Despite the hand-wringing and nail-biting, the Consumer Financial Protection Bureau made it through 2011 without any major confrontation with the banking industry.
To be sure, lawmakers complained about the agency's involvement in the global mortgage servicer settlement earlier in the year. But for the most part, the CFPB focused on public initiatives with widespread support, issued a series of requests for information from the industry and consumers and launched a supervision program that hews closely to the examination guidelines used by prudential regulators.
In turn, the feedback from the banking industry has been largely positive. Just don't expect it to last.
"I think they've done everything this year by the book," Jeffrey Taft, a partner with Mayer Brown LP, said of the agency. "They've been very cautious — calling things notices rather than proposed rules, requests for comments rather than proposed rulemakings — and done a very good job of adhering to the letter of Dodd-Frank and the authority they currently have."
But Taft said 2012 will likely be different.
"I think next year may be a year where they start to push the envelope a little bit," he said.

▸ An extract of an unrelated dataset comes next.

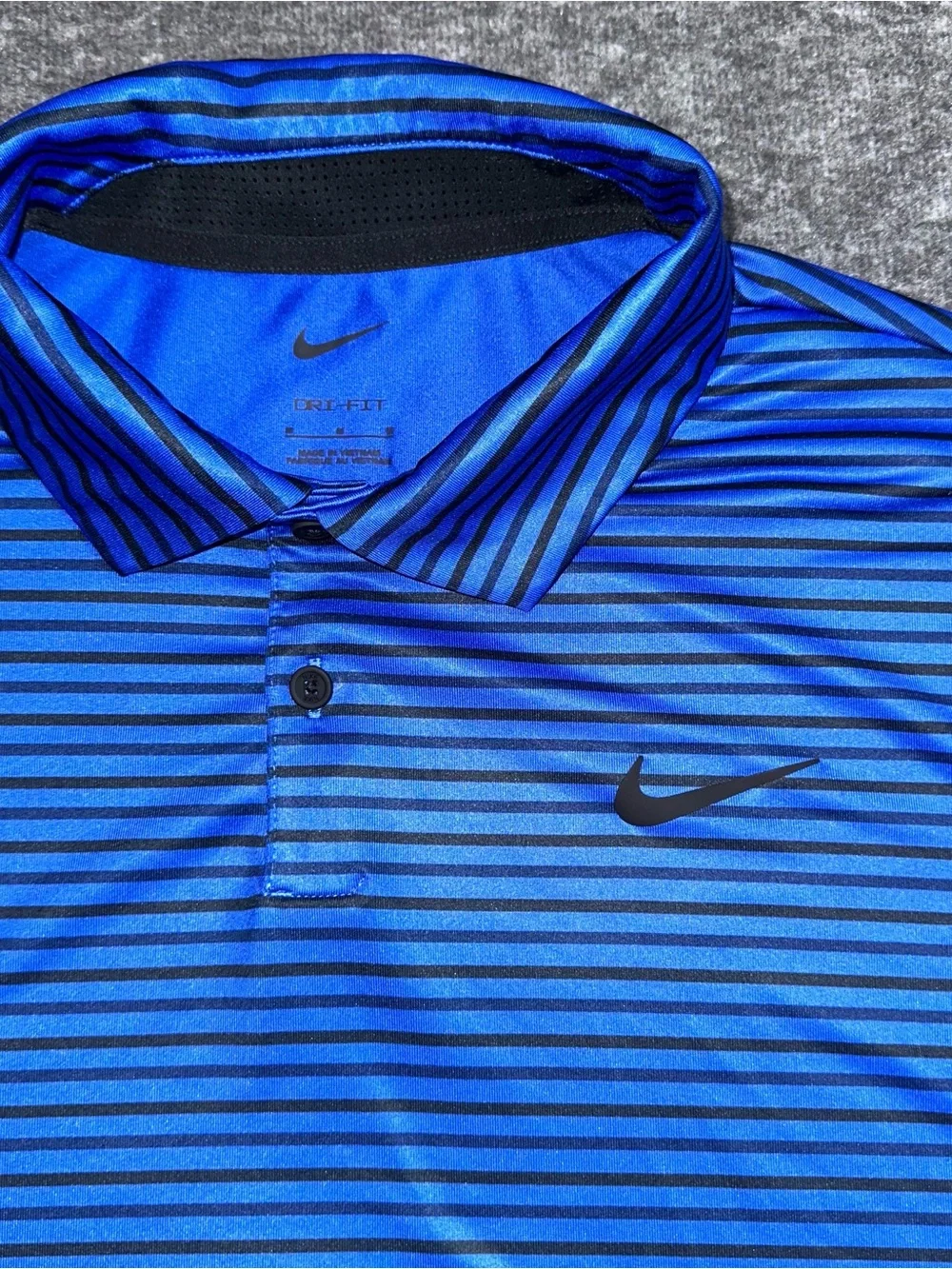 Nike Dri Fit Blue Black Striped Golf Polo Shirt Mens Medium Athletic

The CFPB's agenda alone is enough to invite more controversy.
Early in the year, it is expected to finalize a Federal Reserve Board proposal requiring lenders to verify a borrower's ability to repay a mortgage — one of the more contentious provisions of the Dodd-Frank Act.
The agency is also working with other federal regulators to develop national mortgage servicing standards amid continued criticism of servicers' foreclosure practices.

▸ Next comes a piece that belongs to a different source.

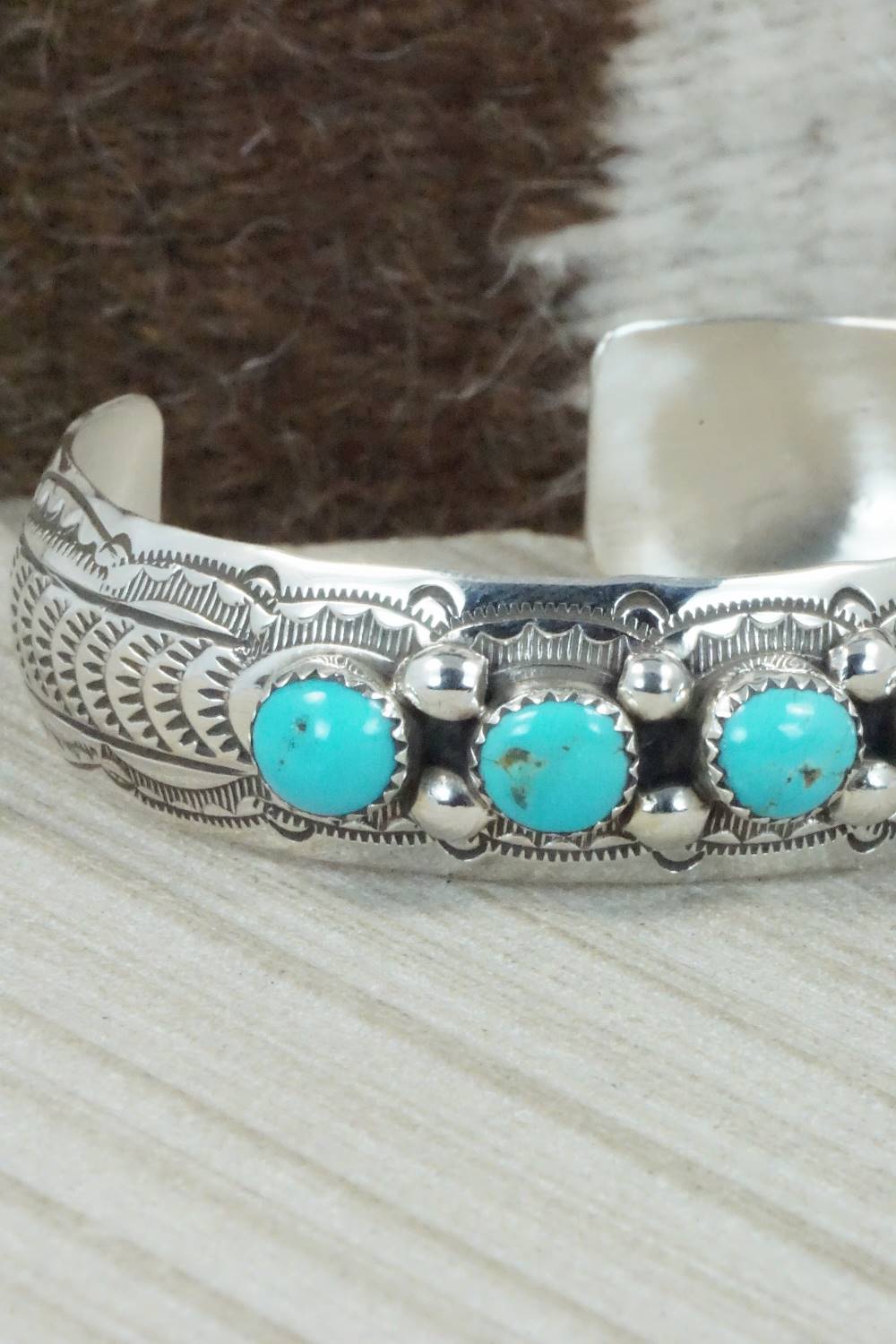 Turquoise & Sterling Silver Bracelet - Grace Silver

"In terms of tangible kind of policy results, clearly mortgages" will be a priority for the CFPB in 2012, Raj Date, the bureau's de facto director, said in an interview this month with American Banker, NMN's sister publication. "Because the statute and any sense of reality would dictate that there have to be reforms in the mortgage marketplace, and Dodd-Frank mandates that we execute against some subset of that."

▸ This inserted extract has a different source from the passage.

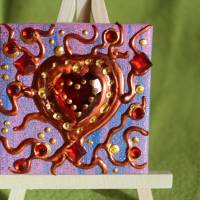 Minibild KUPFERHERZERL Malerei auf Keilrahmen mit Staffelei kleines Geschenk zu Muttertag Valentinstag für Verliebte Bild 1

Observers also have been waiting for the bureau to release more guidance on how it gathers and shares information, a particularly sensitive topic for supervised institutions that have long been able to share data with regulators with assurances that it was privileged and protected information. Under Dodd-Frank, institutions are not assured those same protections when they share information with the CFPB.
Industry observers also expect to see more action from the bureau's enforcement unit as its supervision team digs deeper into large-bank consumer practices.
"There is certainly concern in terms of how much can the agency do given that it doesn't have a confirmed director," said Kevin Petrasic, a partner with Paul Hastings LLP in Washington. "However, there are things that the agencies can do, working with states and other federal banking agencies. I would expect the agency would start to become more active or aggressive in terms of using the options that it does have to work with other agencies."
Although President Obama has nominated Richard Cordray as director of the CFPB, the nomination is not expected to clear the Senate anytime soon. Senate Republicans have vowed to block any nominee unless changes are made to the agency's structure.
Until the Senate confirms a director, however, the agency's powers are limited. For example, it cannot regulate nonbanks, but must focus its attention solely on banks.